* **The task**
Would you please output all the records exactly as given? Pictures should not appear in the copy.

* **Data to examine**

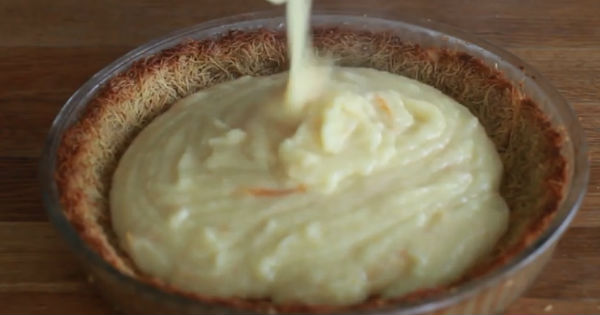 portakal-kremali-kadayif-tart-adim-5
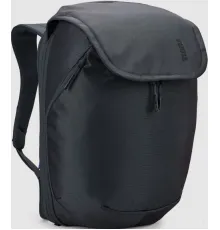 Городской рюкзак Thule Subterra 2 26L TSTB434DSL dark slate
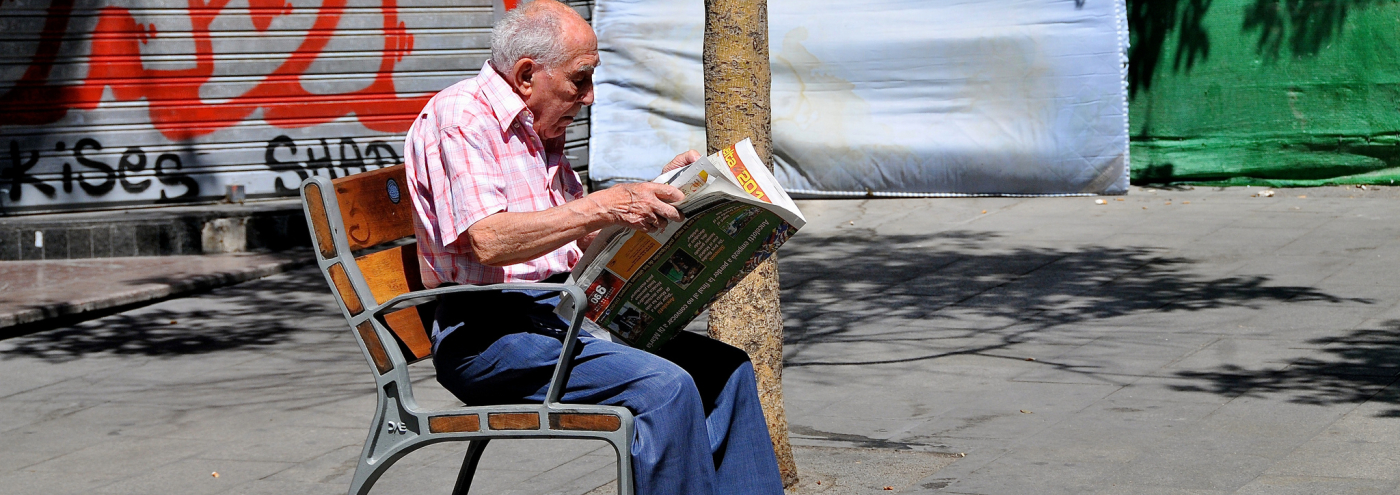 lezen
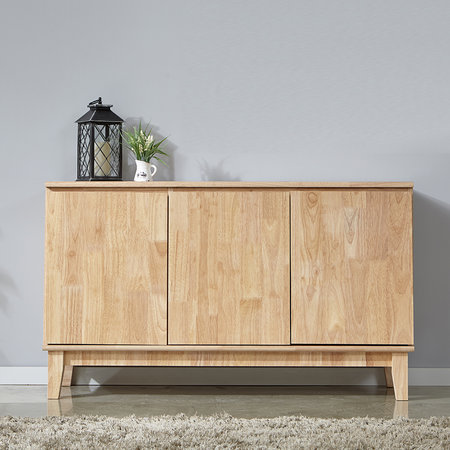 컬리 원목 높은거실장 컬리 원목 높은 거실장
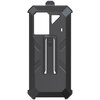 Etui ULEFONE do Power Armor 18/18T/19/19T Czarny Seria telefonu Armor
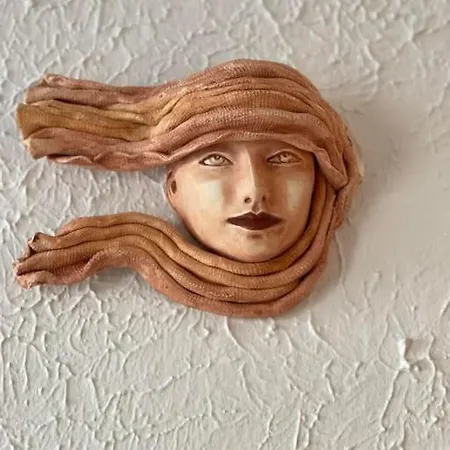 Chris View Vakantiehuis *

* **Exercise answer**
 portakal-kremali-kadayif-tart-adim-5
 Городской рюкзак Thule Subterra 2 26L TSTB434DSL dark slate
 lezen
 컬리 원목 높은거실장 컬리 원목 높은 거실장
 Etui ULEFONE do Power Armor 18/18T/19/19T Czarny Seria telefonu Armor
 Chris View Vakantiehuis *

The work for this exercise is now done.